Sunday, November 04, 2007

Sharon's Shawl

I brought Sharon her shawl today. Here she is wearing it on her deck (click to enlarge). Her husband is in home hospice care, and was asleep when I stopped by.

Sharon gave me permission to post these photos. When I asked if I could take them, she laughed and said, "You're going to put them on your blog, aren't you?"

The house has seen a lot of new people lately: family and friends, hospice workers, healthcare aides. Sharon's little dog, Misty, has been very disconcerted by all this. When I got there, she wouldn't do anything but growl at me, trying to protect her person against another stranger; by the end of my visit, though, she let me pat her.

Here's another shot of the shawl. I really did love making it, even though the yarn drove me crazy and even though there are plenty of errors.

A friend at work said, "Isn't it a Buddhist practice to make sure that every project contains an error?" I told her that if so, this is the most Buddhist prayer shawl ever.

I hope the shawl, however flawed, will bring Sharon a little bit of comfort during a hard time.


  1. It's very beautiful. Your knitting has inspired me to pick up my needles again, too. It's going to be a woolly Christmas, I tell you.

  2. Anonymous2:49 AM

    Isn't the 'deliberate error' a New England practice re quilts?

    The shawl looks splendid, made with love.


  3. That was a wonderfully thoughtful and caring gift, Susan! If I were in Sharon's position I'd feel wrapped in love every time I put it on. From the smile on her face I doubt she sees any flaws. It seems clear to me that she sees something beautiful created for her by a loving friend.


  4. I thought the custom of leaving an error in a handmade work was Navajo in origin, but when I googled it I came up with this. Apparently it's all a myth, at least in quilting. Probably equally so with knitting. Still, it's a pleasant thought.

  5. the shawl is lovely. And you've inspired me to get back to my knitting of scarves to donate to our local social services agency. Now you should make Misty a dog blanky.

  6. Wow that is a beautiful shawl! I'm sure she feels loved.

  7. Anonymous8:10 PM

    If I were in Sharon's position I'd feel wrapped in love every time I put it on.

    Well folks, I am Sharon, and I do feel wrapped in love and comfort. Yesterday was not a good day, and I spent the evening wrapped in my lovely shawl reading one of the Crosswick Journals by Madeleine L'Engle -- a wonderful writer who recently died -- whose words have given me comfort and pleasure over the years. And I'm "not saying Susans' written work is comforting. It's not, it's challenging, but my oh my, her knitting; her love and friendship are beyond words.

    And every one of those wrinkles on my face in the blog picture are well-earned!

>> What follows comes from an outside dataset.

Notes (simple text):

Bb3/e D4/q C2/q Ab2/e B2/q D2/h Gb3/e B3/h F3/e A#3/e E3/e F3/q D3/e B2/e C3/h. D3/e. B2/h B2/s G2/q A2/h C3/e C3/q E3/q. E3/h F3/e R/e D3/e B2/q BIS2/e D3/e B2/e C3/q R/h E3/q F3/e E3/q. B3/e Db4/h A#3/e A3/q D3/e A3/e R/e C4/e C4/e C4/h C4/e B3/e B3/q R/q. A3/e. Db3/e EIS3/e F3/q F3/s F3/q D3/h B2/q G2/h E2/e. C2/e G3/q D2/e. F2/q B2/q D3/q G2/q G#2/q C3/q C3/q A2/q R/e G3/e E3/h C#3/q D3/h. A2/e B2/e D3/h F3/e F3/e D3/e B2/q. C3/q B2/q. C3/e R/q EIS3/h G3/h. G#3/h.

    I want to leave with this note, Susan and I met in a curious comedy of errors (on my part) when I signed up for a short summer course with her first summer in Reno and my first summer in Reno in 36 years.

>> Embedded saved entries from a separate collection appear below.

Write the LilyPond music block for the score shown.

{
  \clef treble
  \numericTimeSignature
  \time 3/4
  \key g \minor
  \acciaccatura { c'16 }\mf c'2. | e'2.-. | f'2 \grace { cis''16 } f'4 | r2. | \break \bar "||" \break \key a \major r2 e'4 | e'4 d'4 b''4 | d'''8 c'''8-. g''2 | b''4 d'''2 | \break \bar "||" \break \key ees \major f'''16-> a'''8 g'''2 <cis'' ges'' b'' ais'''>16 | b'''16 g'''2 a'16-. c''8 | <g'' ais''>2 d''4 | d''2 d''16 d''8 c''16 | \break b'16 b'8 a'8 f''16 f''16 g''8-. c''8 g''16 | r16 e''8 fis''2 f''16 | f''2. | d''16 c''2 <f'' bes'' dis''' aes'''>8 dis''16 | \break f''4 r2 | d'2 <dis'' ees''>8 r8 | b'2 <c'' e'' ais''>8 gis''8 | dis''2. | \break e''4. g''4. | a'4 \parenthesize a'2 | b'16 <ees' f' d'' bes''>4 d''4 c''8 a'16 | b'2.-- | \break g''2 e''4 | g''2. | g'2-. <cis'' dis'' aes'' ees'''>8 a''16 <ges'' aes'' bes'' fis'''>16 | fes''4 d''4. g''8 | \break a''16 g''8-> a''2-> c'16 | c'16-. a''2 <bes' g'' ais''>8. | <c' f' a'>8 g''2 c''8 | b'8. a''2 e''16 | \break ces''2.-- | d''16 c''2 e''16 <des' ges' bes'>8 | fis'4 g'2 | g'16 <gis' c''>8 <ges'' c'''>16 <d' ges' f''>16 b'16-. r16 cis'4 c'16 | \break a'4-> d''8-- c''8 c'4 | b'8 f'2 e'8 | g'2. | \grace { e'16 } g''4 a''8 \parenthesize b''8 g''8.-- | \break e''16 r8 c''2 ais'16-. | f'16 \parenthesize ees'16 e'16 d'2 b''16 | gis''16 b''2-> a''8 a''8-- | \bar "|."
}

    Ten years ago I was in my late fifties thinking I'd smooze a quick course at the "U." Susan, on the other hand, was a new, young faculty member from the Ivies who expected a whole lot more than I'd anticipated giving.

    Every day after class I'd go down to a park by our river (we only have one river here)and wonder what on earth I was doing and why.

    Well, Dr. Palwick is one hell of a good teacher. It also turns out she's one very dear, dear friend.